DATA PROVIDED.
[Start of section]

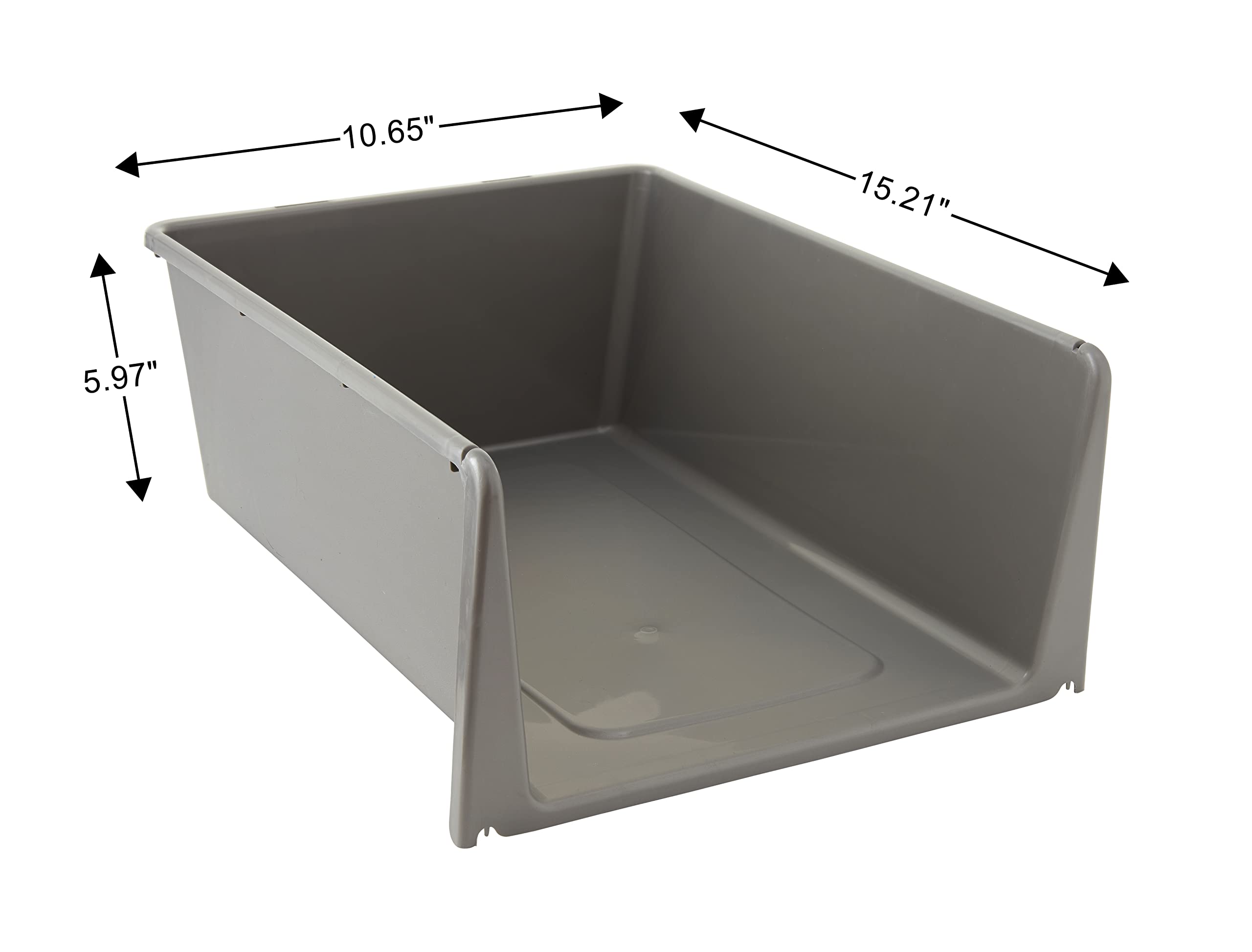 Stackable Open Front Storage Bins - 3 Pack Grey Organizing Containers (15.2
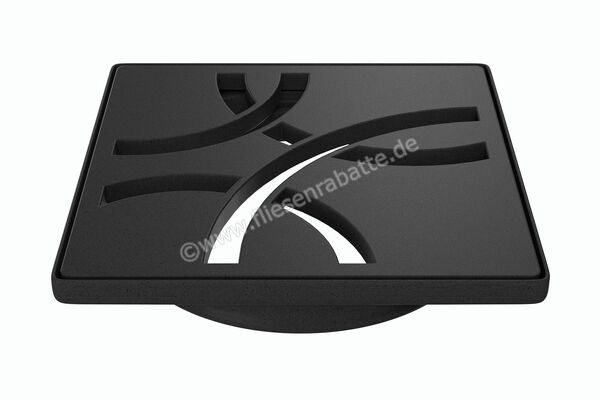  Schlüter Systems KERDI-DRAIN-STYLE Rost-Rahmen-Set mit Geruchsverschluss Design 6 Curve Edelstahl V4A MGS - Graphitschwarz matt KDIF10MGSD6GV | 562750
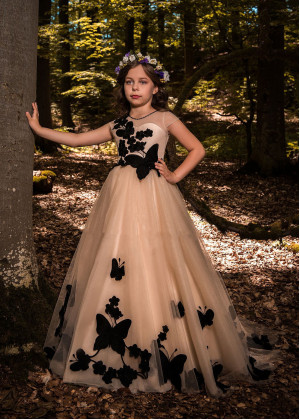 Champagne Tulle Black Butterflies Fairytale Flower Girl Dress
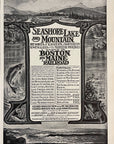 1906 Boston & Maine Railroad Print Ad Seashore Lake & Mountain Train Travel Ad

[End of section]

PROBLEM STATEMENT. Nothing but the lines from the one containing "Schlüter Systems KERDI-DRAIN-STYLE" through the end of the listing is to be output, and those lines are to be output exactly, pictures excluded.

RESPONSE FOR THIS EXERCISE.
  Schlüter Systems KERDI-DRAIN-STYLE Rost-Rahmen-Set mit Geruchsverschluss Design 6 Curve Edelstahl V4A MGS - Graphitschwarz matt KDIF10MGSD6GV | 562750
 Champagne Tulle Black Butterflies Fairytale Flower Girl Dress
 1906 Boston & Maine Railroad Print Ad Seashore Lake & Mountain Train Travel Ad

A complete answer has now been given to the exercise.